Here's a thought about breakfasts:

* Food is expensive and labor-intensive, thus breakfasts are likely to
be boring, food-wise, but we should be able to provide sufficient
quantity to keep people from going hungry.

* Preparing food for a small army is hard work, which we don't have
trained people for. Forget scrambled eggs, bacon, and pancakes for
breakfast. Porridge might be possible. Aim at providing ingredients for
sandwiches and other things people can make for themselves.

* We arrange to have several cars we can use. One car is probably too
little for what I have in mind.

* We take the cars and several volunteers and visit a supermarket every
few days. We buy as much stuff as we can (keeping in mind perishing
times and such), fill up the cars, carry the stuff to the fridges in the
rooms. Hopefully in rooms that are unoccupied. The goal is to buy food
for several days in advance so that these expeditions don't have to
happen every day.

* Breakfast is a centralized event, not a distributed one. Anything else
is a logistical nightmare: distributing food to a hundred rooms is
something hotels can do, but we can't. Having people eat in one room
also makes cleaning up easier.

* We need a breakfast location with lots of tables and chairs. Does the
dorm have any big rooms? Can we arrange tables and chairs any way? If
necessary, we can arrange breakfast to be during a couple of hours and
people can come in and leave according to how full the place is.

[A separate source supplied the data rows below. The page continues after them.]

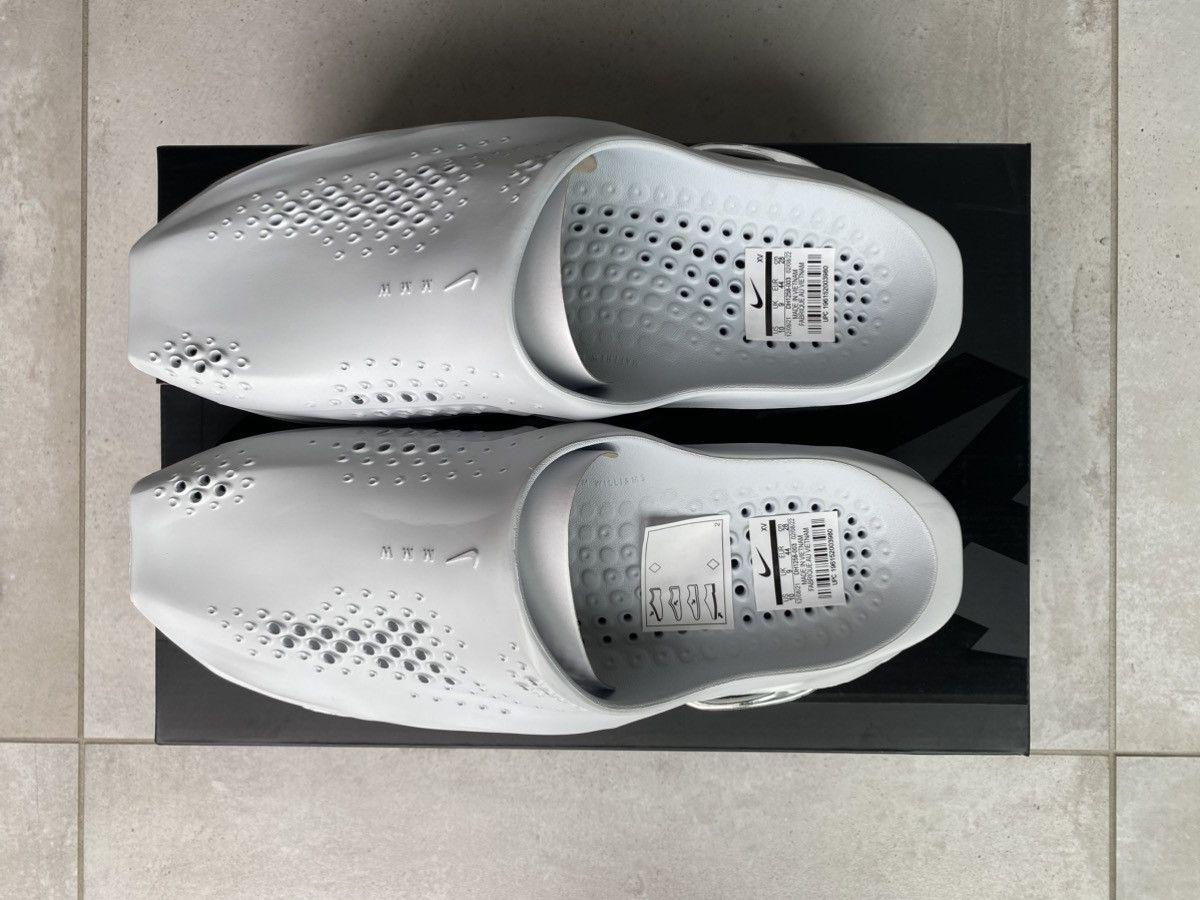 MMW × Nike Nike x MMW 5 slide sneakers rare Size US 9 / EU 42 - 4 Thumbnail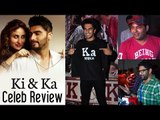 'Ki & Ka' - Special Screening | Arshad Warsi, Ranveer Singh, Kapil Sharma | CinePakoda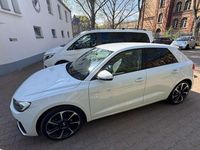 Usata Audi A1 Advanced 150 CV (110 kW) 2019 Bianco SUV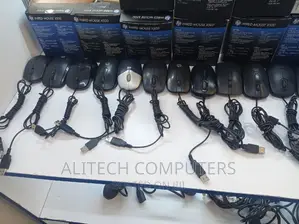 Hp/Dell Usb Mouse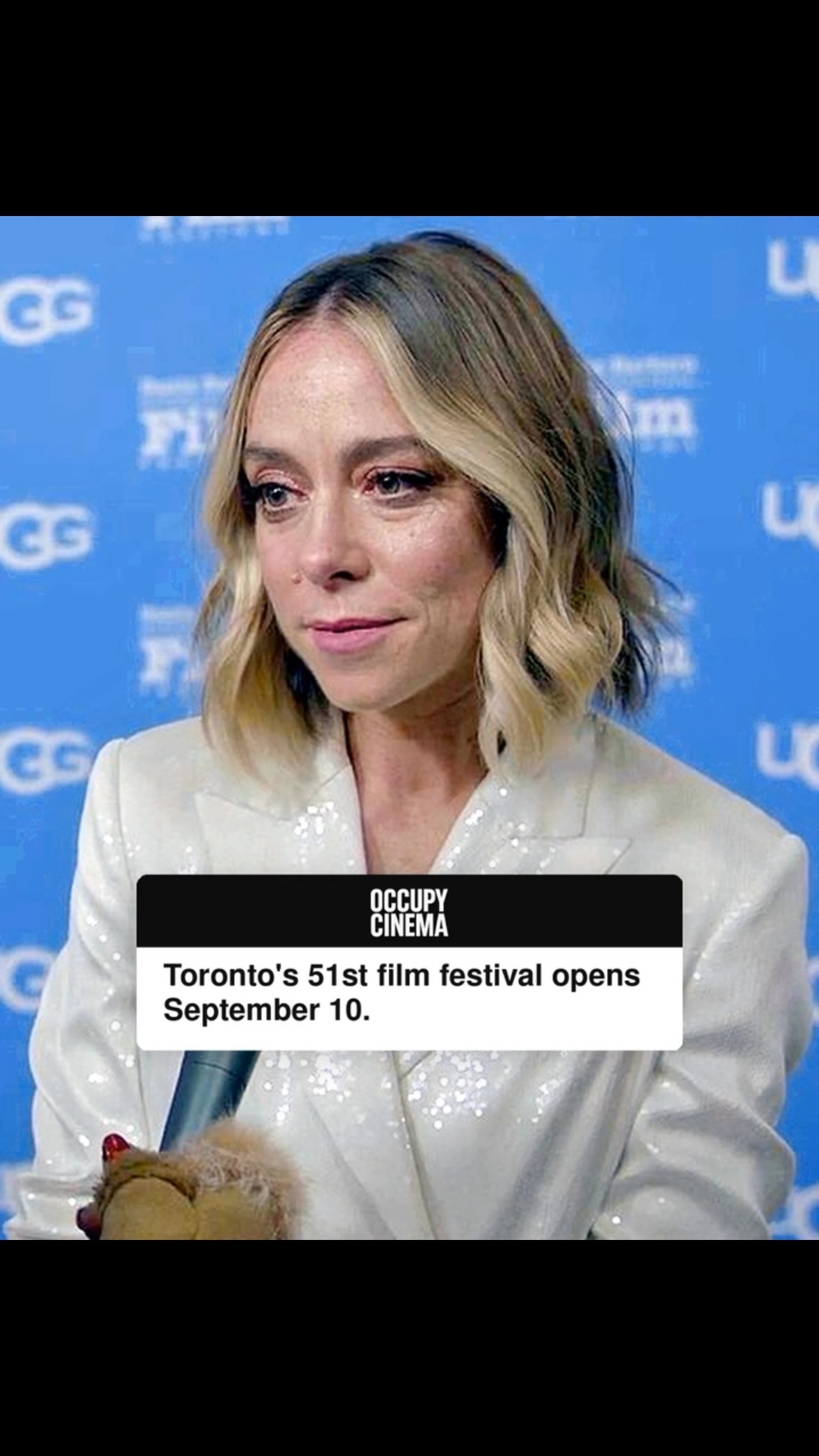 TIFF 2026 Kicks Off with Sian Heder's 'Being Heumann', Market Focus Intensifies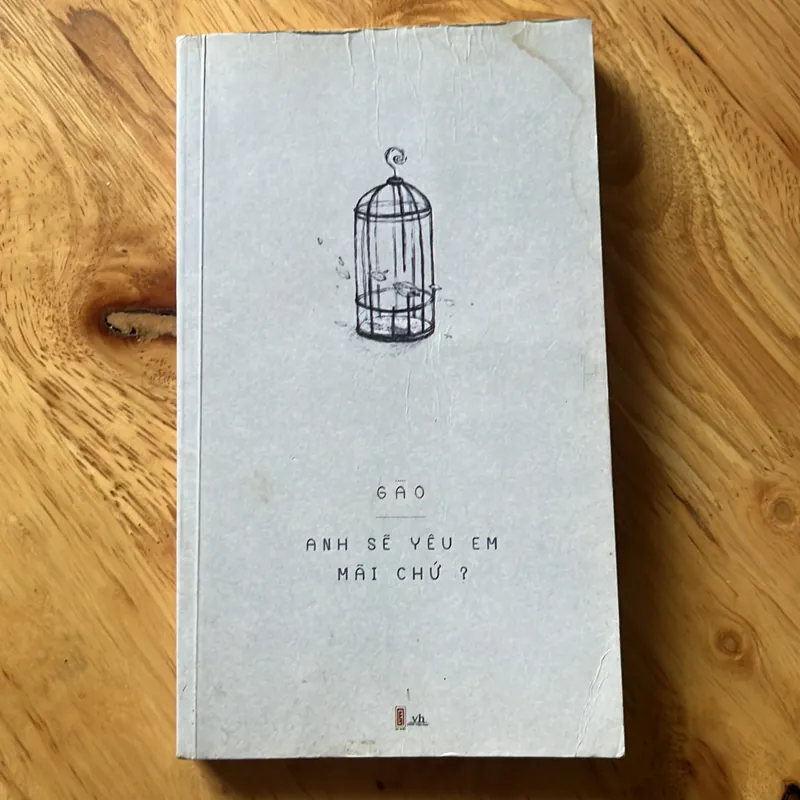 Anh sẽ yêu em chứ? - Gào 595835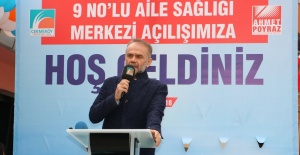 Başkan Ahmet Poyraz'dan Taşdelenlilere Müjde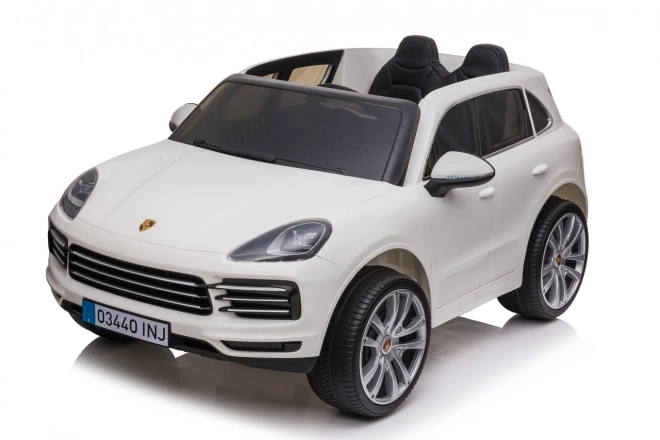 Dětské elektrické autíčko Porsche Cayenne S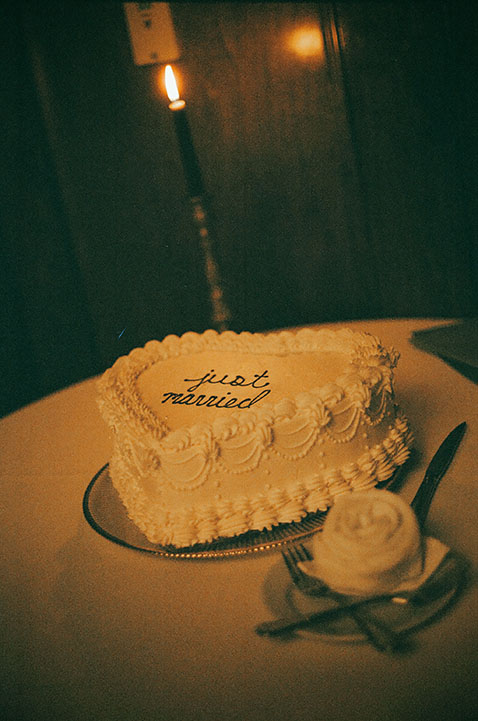 Film photography details from Pittsburgh wedding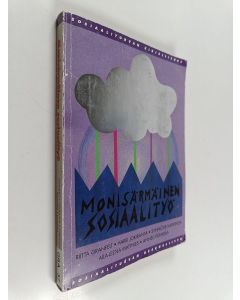 käytetty kirja Monisärmäinen sosiaalityö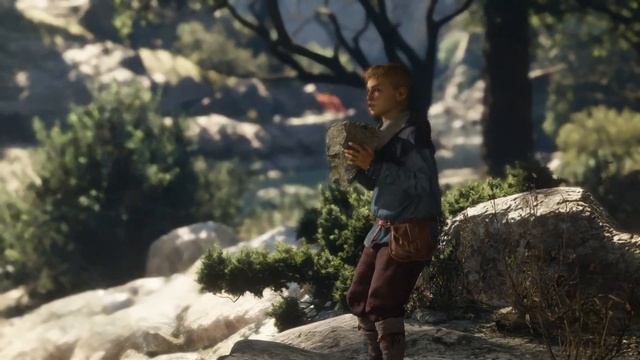 A Plague Tale: Requiem - прохождение серия 1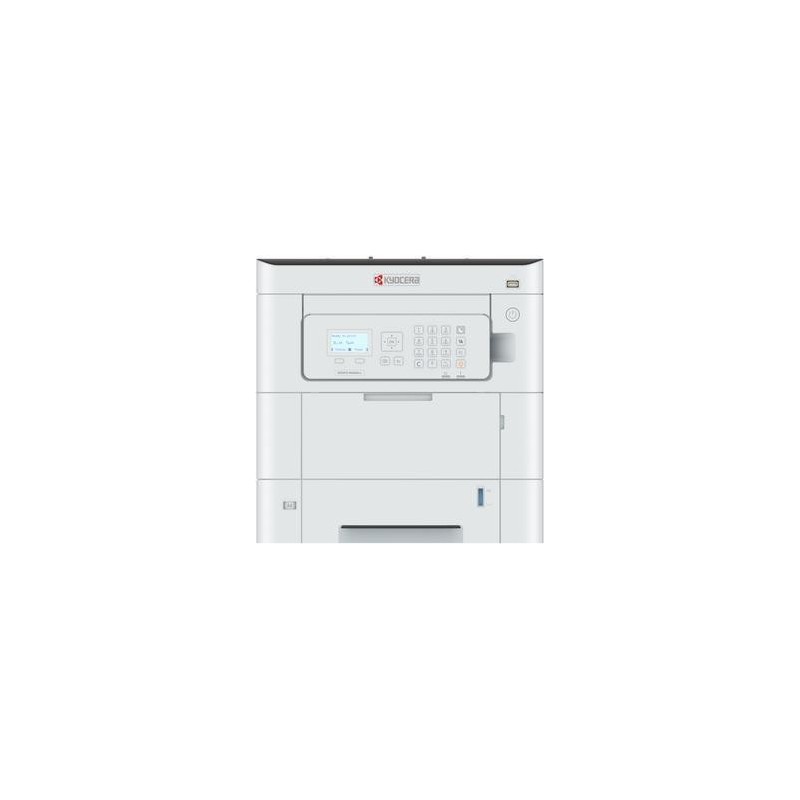 Kyocera ECOSYS PA3500cx - Drucker - Farbe - Duplex - Laser - A4/Legal - 1200 x 1200 dpi - bis zu 35 Seiten/Min. (einfarbig)/ bi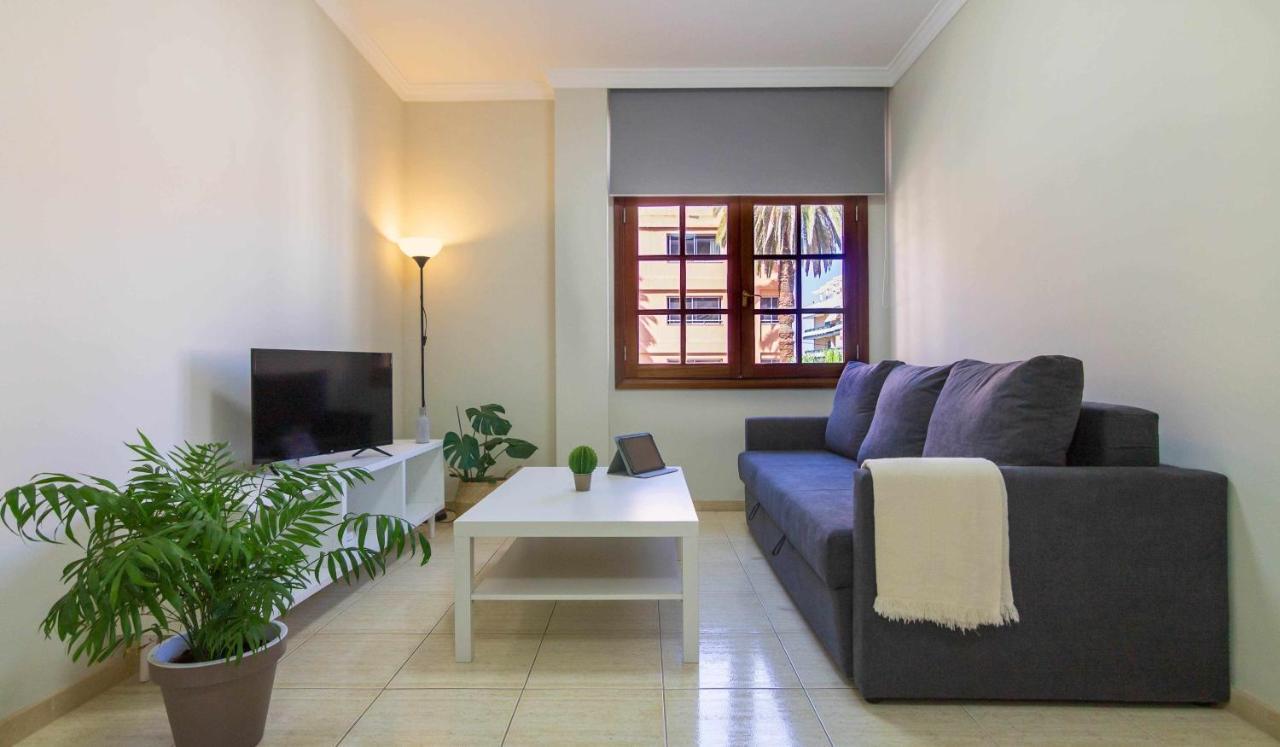 Central And Bright Apartment Y1 Puerto de la Cruz Kültér fotó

* This amount of food in a distributed fridge is going to require some
bookkeeping (so we know we don't waste anything and are not running out
of anything) and therefore someone in charge of that. Ideally this same
person is also in charge of arranging the breakfast each morning:
telling volunteers what to get from each fridge and making sure
everything is in order. Think "food sarge". Doing this for two and a
half weeks is a big job; it might be good to have two or three people.
On the other hand, it shouldn't be divided up too much, or things will
get messy. If nothing else, since this person is preferably also in
charge of buying the food, and is therefore going to need money,
dividing responsibility too much is bad.

* As much as possible, we buy things that don't require cooking: bread
(sliced is not necessary, but easier), vegetables (cucumbers, tomatoes,
peppers, salad, ...), fruit, cheese (unless it is too expensive),
cereal, muesli, and so on. Juice concentrates are not wonderful, but
save lots of carrying and storage space. Cheap and easy is important,
but it needs to be somewhat interesting as well. This requires planning
beforehand: someone needs to make lists of possible ingredients (keeping
allergies and diets in mind), possibly weeks beforehand, and come up
with good combinations. This then forms the basis of detailed shopping
lists for the shopping excursions.

* Every morning, a number of volunteers are going to be needed to carry
food from fridges to breakfast place, to unpack food, maybe to prepare
it (cut bread, cook eggs, whatever), and to clean up afterwards. This
should be simple enough that anyone can do it. Volunteers can be
recruited from debconf attendants (it's really easy: no volunteers, no
breakfast). If things are organized properly, the volunteers are
probably not needed until 30 minutes before breakfast starts, and are
finished 30 minutes afterwards, and probably only have to do this once,
so it's not like it's a huge commitment.